The next generation of spreadsheets will be a database - immad
http://www.infoworld.com/article/2927917/database/the-next-generation-of-spreadsheets-will-be-a-database.html
======
dragonwriter
I've been hearing versions of this, with slightly different justifications and
details for why databases would replace spreadsheets, for, well, almost as
long as there have been desktop databases.

Really, I think it misses the point. Databases are about storing data, and
admit a wide array of front ends, and there are plenty of tools _now_ to use
spreadsheets as a front-end for databases (most spreadsheets have basic tools
for this built in, and more advanced ones are available.)

Spreadsheets are about viewing/manipulating data, and can both natively store
data (in what is, necessarily, a database, though perhaps not a relational
one) or connect to foreign sources for it.

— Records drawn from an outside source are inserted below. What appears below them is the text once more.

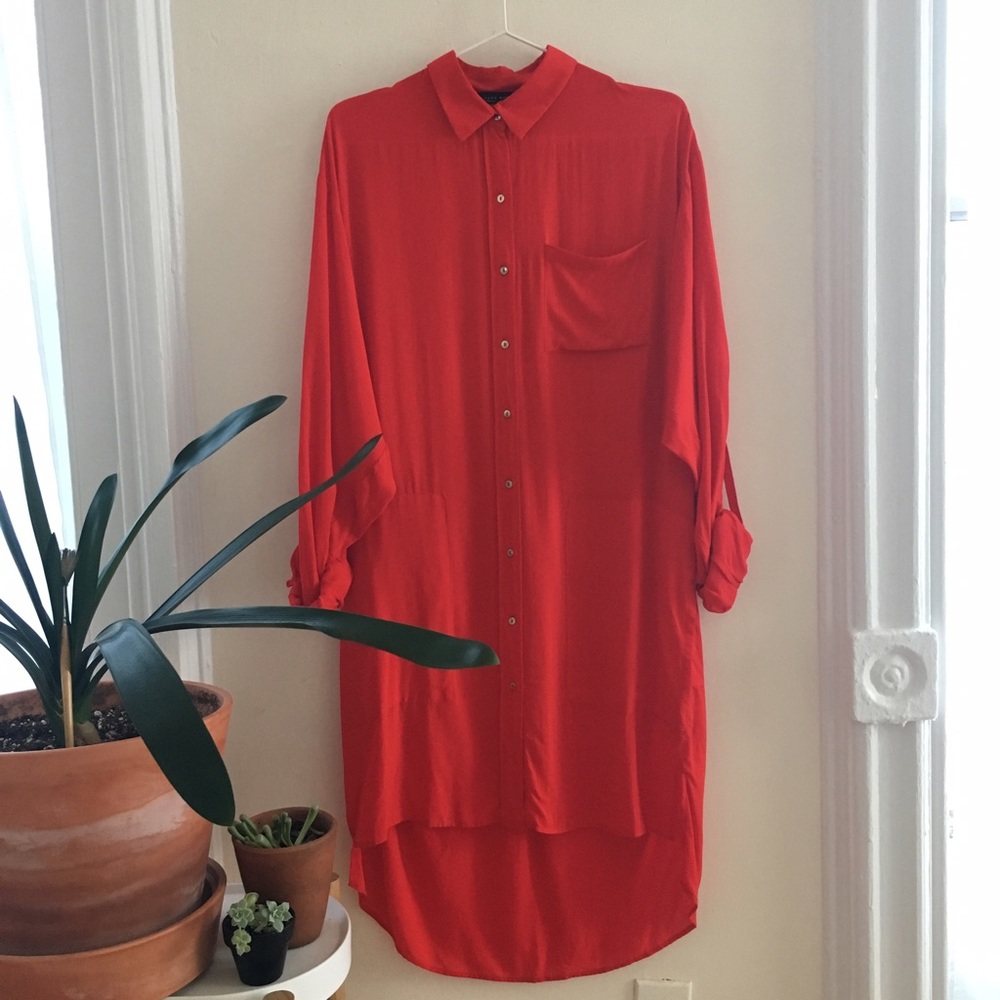 midi red shirt dress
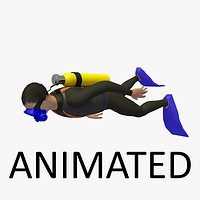 Animated Diver 2 Swimming Underwater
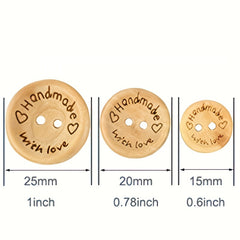Handmade Love Heart Wooden Button Round Decorative 2 Holes 15mm 20mm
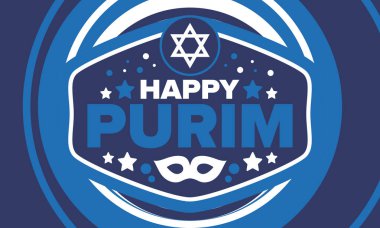Purim. Purim 'in kutlu olsun. Geleneksel Yahudi dini bayramı. David 'in Yıldızı, Karnaval maskesi. İsrail tarihi. Bir maskeli balo ve festivalle kutlandı. Poster sanatı. Vektör illüstrasyonu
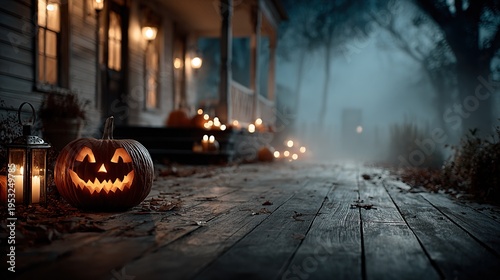 Glowing carved pumpkin lanterns flickered with candlelight on the wooden porch, surrounded by mist and cobwebs, creating a dark and gloomy Halloween atmosphere with deep shadows.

"The next generation of spreadsheets will be a database" is a silly statement,
for that reason: its possible the next generation of spreadsheets may have a
particular kind of database (say, relational) as a native, internal storage
system and expose tools for working with it. Or the next popular database
front end -- the next Access -- may be a general purpose spreadsheet with the
right tools.

And maybe spreadsheets, as a viewing and interaction tool, will be replaced
with something with a different more mobile/touch-friendly UI paradigm, as the
article seems to suggest (but doesn't really present much of a case for --
making vague suggestions about how spreadsheets don't work on touch [that
remind me of the kind of hyperbolic descriptions of why current solutions
don't work typical of infomercials] without any suggestion of what concrete
elements would work better is _not_ making that case.)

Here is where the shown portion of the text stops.